Airbnb (ABNB:US) shares fell nearly 11% on Wednesday after the company issued a softer-than-expected outlook for the current quarter. 

The vacation home-rental company continues to lose market share to Booking.com (BKNG:US) and is now forced to lower prices to spur demand. Airbnb said it expects Q2 revenue to come in between $2.35 billion to $2.45 billion, worse than the expected $2.42 billion.

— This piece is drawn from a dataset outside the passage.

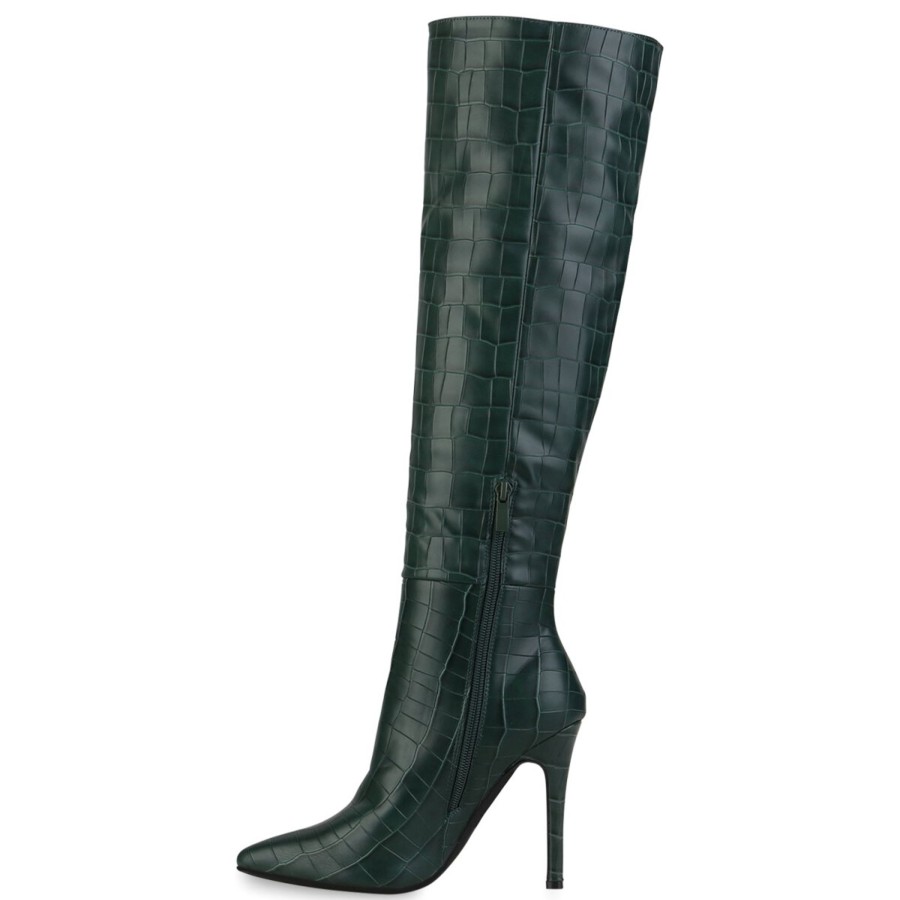 Damenschuhe Stiefelparadies | Damen High Heels In Dunkelgrun Kroko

For the first quarter, sales rose 20% to $1.82 billion, ahead of the $1.79 billion consensus. Similarly, the company reported a profit per share of $0.18 to top the expected $0.09. Another positive element was that the gross booking value per nights and experiences booked topped analyst expectations of $168.43 vs $164.50 expected.

On a negative note, the number of Nights and Experiences Booked, a closely-watched financial metric for Airbnb’s business model, came in at 121.1 million. Analysts were looking for 122.3 million. 

More concerningly, the company said it expects year-over-year growth in Nights and Experiences Booked to be lower than revenue growth during the quarter.

“Nights and Experiences Booked will have unfavorable year-over-year comparisons in Q2 2023 as we overlap pent-up 2022 demand following the COVID Omicron variant,” Airbnb said in a shareholder letter.

The Q2 adjusted Ebitda is seen at similar levels on a nominal basis YoY, but lower on a margin basis. The full-year adjusted Ebitda is expected to be “broadly in-line with 2022.”

Congress members Daniel Goldman, Ro Khanna, Jim Langevin and Bill Keating all reported trades involving Airbnb shares. Most recently, Rep. Goldman bought $15,000 - $50,000 worth of Airbnb shares on January 31 when the stock closed at $111.11.